> _EXERCISE INPUTS_:
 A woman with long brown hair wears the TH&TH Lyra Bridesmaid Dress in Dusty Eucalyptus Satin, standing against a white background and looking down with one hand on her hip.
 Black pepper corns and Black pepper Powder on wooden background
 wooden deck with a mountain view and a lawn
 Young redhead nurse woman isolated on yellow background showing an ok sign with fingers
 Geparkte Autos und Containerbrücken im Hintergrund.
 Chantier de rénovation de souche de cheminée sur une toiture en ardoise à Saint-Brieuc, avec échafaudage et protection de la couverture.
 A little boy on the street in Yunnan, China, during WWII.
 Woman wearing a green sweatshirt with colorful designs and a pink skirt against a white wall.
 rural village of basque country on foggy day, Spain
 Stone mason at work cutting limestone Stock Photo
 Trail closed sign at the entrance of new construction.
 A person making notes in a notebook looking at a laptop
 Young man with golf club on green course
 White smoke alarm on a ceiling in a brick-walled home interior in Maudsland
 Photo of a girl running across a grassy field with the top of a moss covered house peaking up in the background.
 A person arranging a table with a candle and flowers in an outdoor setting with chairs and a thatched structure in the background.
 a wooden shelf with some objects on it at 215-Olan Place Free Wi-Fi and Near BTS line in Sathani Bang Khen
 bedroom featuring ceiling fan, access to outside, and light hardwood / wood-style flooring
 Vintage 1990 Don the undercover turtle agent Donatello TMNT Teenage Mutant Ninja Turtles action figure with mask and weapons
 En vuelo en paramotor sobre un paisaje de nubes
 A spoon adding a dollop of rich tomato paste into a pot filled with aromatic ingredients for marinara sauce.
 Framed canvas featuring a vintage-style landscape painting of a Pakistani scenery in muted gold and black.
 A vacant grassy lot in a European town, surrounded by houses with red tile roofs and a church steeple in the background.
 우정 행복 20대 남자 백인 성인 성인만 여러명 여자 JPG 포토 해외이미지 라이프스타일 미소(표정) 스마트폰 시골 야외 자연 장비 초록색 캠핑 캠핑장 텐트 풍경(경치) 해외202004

> _ACTION ITEM_: Go through the listing above and copy each line that contains "Young".

> _COMPLETED EXERCISE_:
 Young redhead nurse woman isolated on yellow background showing an ok sign with fingers
 Young man with golf club on green course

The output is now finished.